Prime Minister Tony Abbott says he has not yet responded to the ABC’s apology regarding an offensive tweet broadcast on Monday night’s Q&A program, but says the broadcaster needs to take better control of the program.
Last night the program aired a tweet from an account that had as its handle an offensive reference to the PM.
The blunder prompted ABC managing director Mark Scott to send a personal apology via text message to Mr Abbott, saying he regretted any offence caused.
On Tuesday morning, Mr Abbott said he had not yet responded to the message, but hoped the ABC would begin to make the changes it promised after allowing a former terrorism suspect and convicted criminal into the live studio audience in May.
“I haven’t had a chance to respond to the text message that I had, because it’s been a very busy morning,” he said.

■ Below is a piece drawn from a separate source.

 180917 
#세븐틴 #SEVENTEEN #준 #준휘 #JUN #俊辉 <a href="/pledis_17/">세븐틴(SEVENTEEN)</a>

“I just hope that the ABC management get on and do what they said they were going to do with that program.
“I think it is a bit out of control and I think it’s important for the ABC not just to talk about tighter management structures, tighter management control on that particular program, but actually do it.

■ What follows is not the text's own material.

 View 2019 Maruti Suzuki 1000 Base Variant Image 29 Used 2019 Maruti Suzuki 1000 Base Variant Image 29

As the program aired on Monday night, New South Wales MP Fiona Scott tweeted: “What a disgraceful Twitter handle for @QandA to broadcast!”
Communications Minister Malcolm Turnbull personally phoned Mr Scott to complain and demand an apology.

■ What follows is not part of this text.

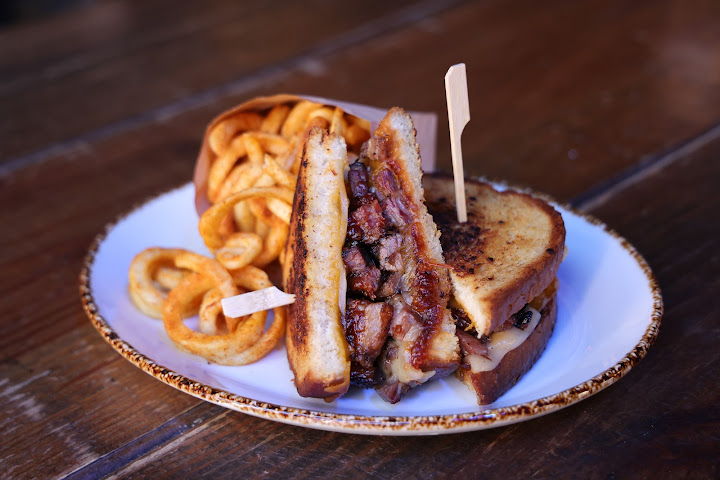 Luke's 32 Bridge by null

“In what felt like a Groundhog Day moment yet again in the early hours of Tuesday, I spoke with Mark Scott about another unedifying incident at QandA,” a statement from Mr Turnbull’s office said.
“The tweet should obviously never have been put on the screen and the fact that it was underlines the need for better supervision of the program.
“I am assured by Mr Scott the offensive tweet will not appear in the replays of the program.
“The ABC should apologise to the Prime Minister and its viewers.”
Q&A‘s use of tweets is currently being examined as part of an audit of the program being led by television broadcasters Ray Martin and Shaun Brown.
The program dominated news earlier this year when it allowed former terrorism suspect Zaky Mallah into the audience to ask a question of the panel.
It prompted Mr Abbott to order his ministers to boycott Q&A until the program was moved into the ABC’s News and Current Affairs division, which the broadcaster has agreed to.